Arts and culture work || 08.22.2010

Arts and Culture Work

The Nile Project

Wanna hear hip-hop and traditional musicians from Uganda, Kenya, Tanzania, Ethiopia, South Sudan, Sudan and Egypt collaborate to create a new sound? We do! Introducing the Nile Project….

Loosely based on the Silk Road Project (, we are exploring the intersection of ecology and culture across much of East Africa.

The Nile Project brings together musicians from the Nile cultures to play and record music, to tour down the river and its source lakes on a boat made of recycled water bottles, and to share an experience that will connect the peoples of the river.

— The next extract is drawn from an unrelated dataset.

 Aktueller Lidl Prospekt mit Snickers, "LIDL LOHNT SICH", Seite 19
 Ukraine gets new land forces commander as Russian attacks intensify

We realized that though East Africa’s Nile cultures have shared millenia of history, today we do not know very much about each other. We decided to start this musical project so that the people of the river could get to know their neighbors through a mutual sharing of stories, sound, music, mythology, and culture. In 2013, we’ll also tour Europe and North America.

The Nile Project was created by Ethiopian-American singer-songwriter and Egyptian ethnomusicologist Mina Girgis.

How has the project gone so far?

After only a few short months, we are in talks with Lincoln Center’s David Rubenstein Atrium as our North American presenting partners, and Meklit got the TED Senior Fellowship with the Nile Project as her main fellowship focus. Things are really starting to roll!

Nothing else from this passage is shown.